What is OFAC?
OFAC stands for The Office of Foreign Assets Control. It is a financial intelligence and enforcement agency in the US Department of the Treasury. More information can be found here.
What does OFAC do?
OFAC is responsible for defining, administering and enforcing economic and trade sanctions programs based on US policy and national security goals against targeted foreign countries and regimes, as well as terrorists, international narcotics traffickers, people engaged in weapons of mass destruction proliferation and other activities conceived of as threats to US national security. Many of the sanctions are based on United Nations or other international mandates and involve close cooperation with other governments. OFAC sanctions programs may overlap with those administered with other international actors.
Who must comply with OFAC regulations?
All US persons must comply with OFAC regulations, regardless of where they are located. All Kountable businesses and employees acting on behalf of Kountable businesses are considered US persons.
Kountable’s Compliance team checks the names of all businesses and individuals we work with in an OFAC screening database. Additionally, banks servicing Kountable in the US and abroad may check transaction information against OFAC or other sanctions lists. This is because the institutions themselves are required to ensure money passing through them is not destined for or originating from a sanctioned entity.
What happens when a wire is delayed?
If a wire is delayed due to reasons related to OFAC, in general Kountable’s bank will alert us about the delay and request that we clarify that the wire has nothing to do with a sanctioned entity. Reasons wires may be stopped vary greatly, and can be for something as minor as an invoice code containing an acronym that is flagged on a sanctions list.

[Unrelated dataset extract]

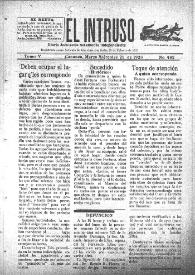 Portada:El intruso. Diario Joco-serio netamente independiente. Tomo V, núm. 482, miércoles 21 de marzo de 1923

Once the Compliance and Finance teams have responded to any questions about a wire, there is nothing more we can do to expedite payment, as it is up to the bank to resume the wire.
Can OFAC reject a payment to the supplier?
No, it would be rejected for a bank’s OFAC or other screening enforcement policy; OFAC itself would not become involved unless they were alerted to suspicious activity or a violation were to be found.
On what grounds would a payment be rejected?
Wires may be rejected because some information in the payor/payee details triggered an alarm at a financial institution involved in the payment. Financial institutions are, per US law, responsible for money they may both transmit and receive, so assume all transactions are being closely monitored.
Can you anticipate when a payment will be held up?
No, even after we have run the supplier through the OFAC lists and done our due diligence, there is no definitive way to predict a delay from the bank.